What is service-oriented architecture (SOA)?

Service-oriented architecture (SOA) is an architectural style that manages dependencies between systems using discrete services instead of monolithic design. Gartner defines it as “a design paradigm and discipline that helps IT meet business demands” while Amazon calls it a “method of software development that uses software components called services to create business applications”.

SOA is a software development model built on modular systems that are self-contained and reusable. At its core, SOA gives services in your organization the ability to talk to each other. This messaging should be as simple as possible, it should require minimal development effort, and it should be independent of the technology used to build the service itself.

This modular approach requires loose coupling to work, allowing services to be easily swapped or updated without affecting the entire system. The services in SOA are self-contained pieces of code that can be written in different programming languages and can be deployed independently.

It’s best to see SOA as a counter to monolithic architectures. Where monolithic architectures present a single, indivisible unit, SOA divides functionality into distinct units, each capable of carrying out independent operations. SOA encourages systems to communicate and integrate while maintaining their independence. This approach provides more flexibility and agility in development and deployment.

How does SOA work?

At the heart of SOA is the concept that each service functions and operates independently of other services. This independence allows you to develop, deploy, and scale each service individually, making your systems more flexible and efficient.

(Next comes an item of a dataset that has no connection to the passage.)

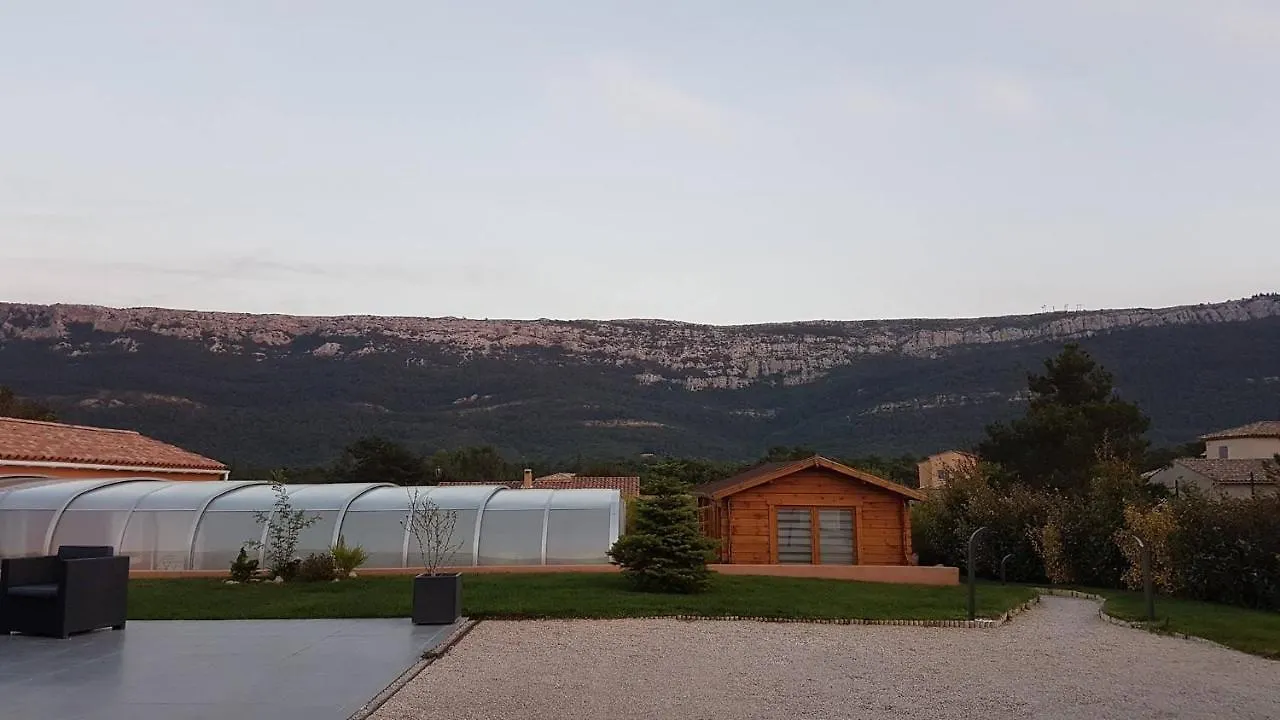Plan d'Aups Chambre D'Hotes Source De La St Baume 0*, Plan d'Aups צרפת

Consider a service that provides data about the weather. here a service consumer, such as a web application or mobile app, requests weather information from our weather service. This request includes input data — perhaps the geographical coordinates of a location.

The weather service, acting as the service provider, receives this request and processes the input data. It may query a database or an API, perform some calculations, or carry out any number of tasks to generate the required weather data.

Once done the weather service sends back a response to the service consumer. This will then form the basis of its use case, such as displaying weather on a map in close to real time.

This might seem like a simple process, but it's a powerful one. By allowing services to function independently, you can develop, test, and deploy them separately. If your weather service crashes or needs to be updated, it won't affect the rest of your system. If we suddenly need to handle a surge in weather data requests, we can scale up our weather service without having to scale up every other service in our system.

We will come back to definitions of services, service consumers and service providers in more detail below.

Key components of SOA

SOA is not just about ensuring individual services work independently. It is about how these services work together as building blocks to create a modular and interoperable system. In this way, SOA is an architectural style with several key components that provide the foundation for designing, developing and implementing services. Let’s consider these components, using an ecommerce platform as an example.

If we imagine an online store, we know that its use case is to facilitate and enable sales. This requires a lot of the same assets and processes as an offline store to be taken care of. It includes presenting a store front, offering a checkout and payment processing, security and compliance measures, and much more.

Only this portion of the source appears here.